It was a very strange hunt just 4 days after 9/11. I remember seeing a jet flying overhead and wondering just what kind it was, a F16 or a F15. I didn't see another hunter out there and on my way out I actually stopped and looked at my tag and the date on my watch to make sure that I was out there at the right time. I only saw one other group of hunters from 10 Mile Knoll all the way to Hay Canyon and that group was camped on the top of Hay Canyon. 

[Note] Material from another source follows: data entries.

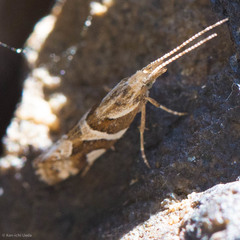 Eidophasia vanella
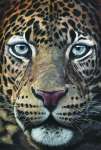 絹谷香菜子「瞳のさきに潜む思い　Ｌｅｏｐａｒｄ」２０２２年、岩絵具、墨、和紙、１９４×１３０．３センチ　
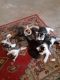 Russian Blue Cats for sale in Lynnwood, WA, USA. price: $100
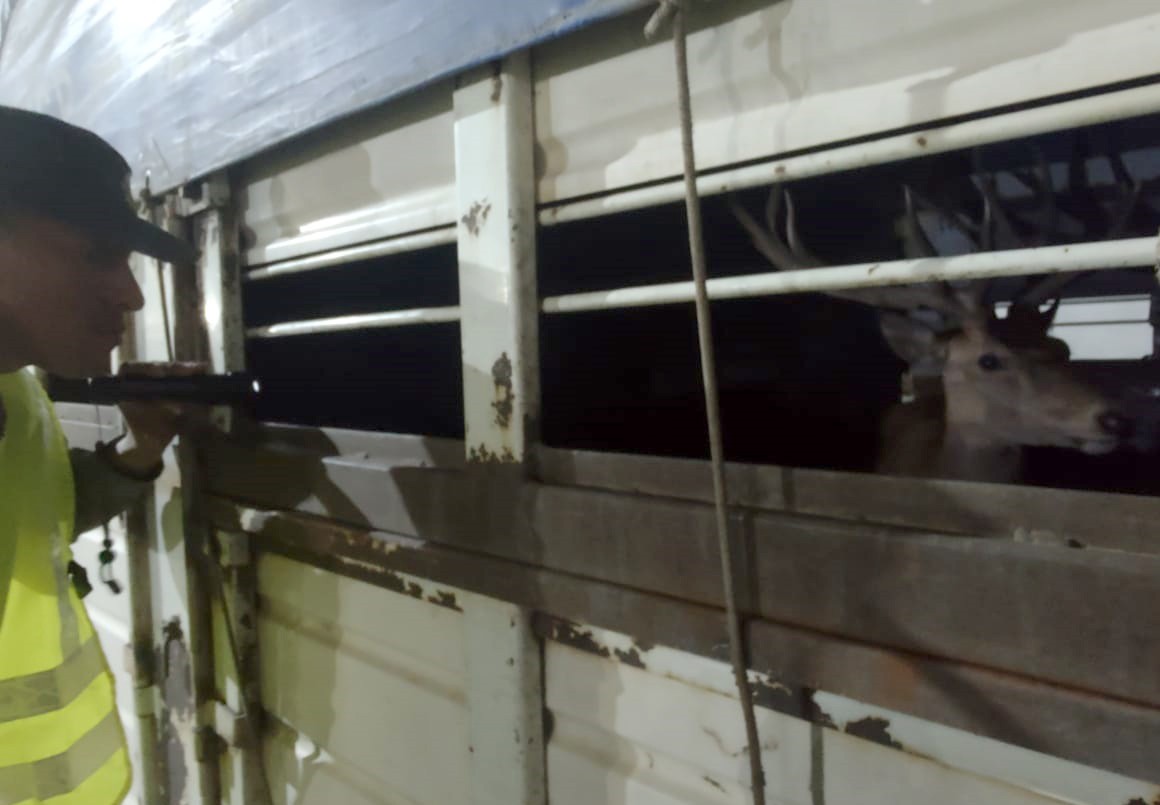 Trasladaban ciervos de manera ilegal y los detuvieron | Rosario y la región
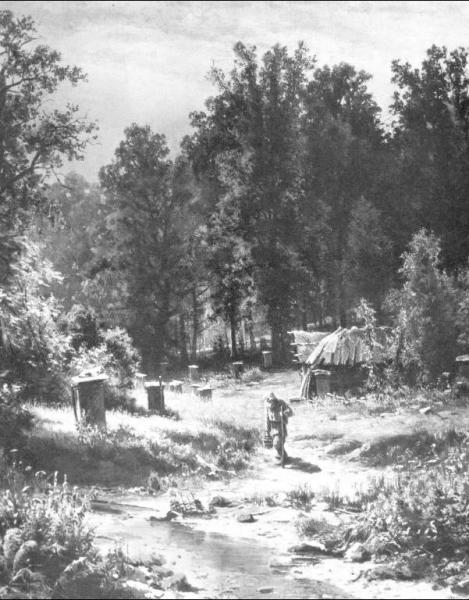 Bee-garden In A Forest by Ivan Ivanovich Shishkin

Good luck to the deer and elk hunters headed that way. I have another year to wait before I start putting in for the deer hunt out there again.


----------



## MuscleWhitefish (Jan 13, 2015)

Raptorman said:


> Well, here we are: under two weeks until the hunt! I can't believe it is almost here. I have been looking forward to this for a long time and planning it in my head. We have had three scouting trips out there now and finally on our last trip over Labor day we found some shooter bulls. So hopefully they are still around and talking come the 26th.
> Anyone else having a hard time focusing at work right now?


Hopefully, you don't shoot all the bulls and leave at least one there for November.


----------



## cdbright (Aug 24, 2016)

all i do at work now is comb this damb forum hahahahahaah

Cant wait for OCT 8th


----------



## GR8Hunter (Sep 12, 2016)

I have a buddy who killed a 180" deer down there this year with his bow and another buddy hunting the elk as we speak (type)...He has been covered in elk but only taken 1 shot and unfortunately missed. He said it was at least a 370" bull. They are bugling off and on but had the best action after the recent rain storm.


----------



## DallanC (Jan 13, 2009)

Raptorman said:


> Well, here we are: under two weeks until the hunt! I can't believe it is almost here. I have been looking forward to this for a long time and planning it in my head. We have had three scouting trips out there now and finally on our last trip over Labor day we found some shooter bulls. So hopefully they are still around and talking come the 26th.
> Anyone else having a hard time focusing at work right now?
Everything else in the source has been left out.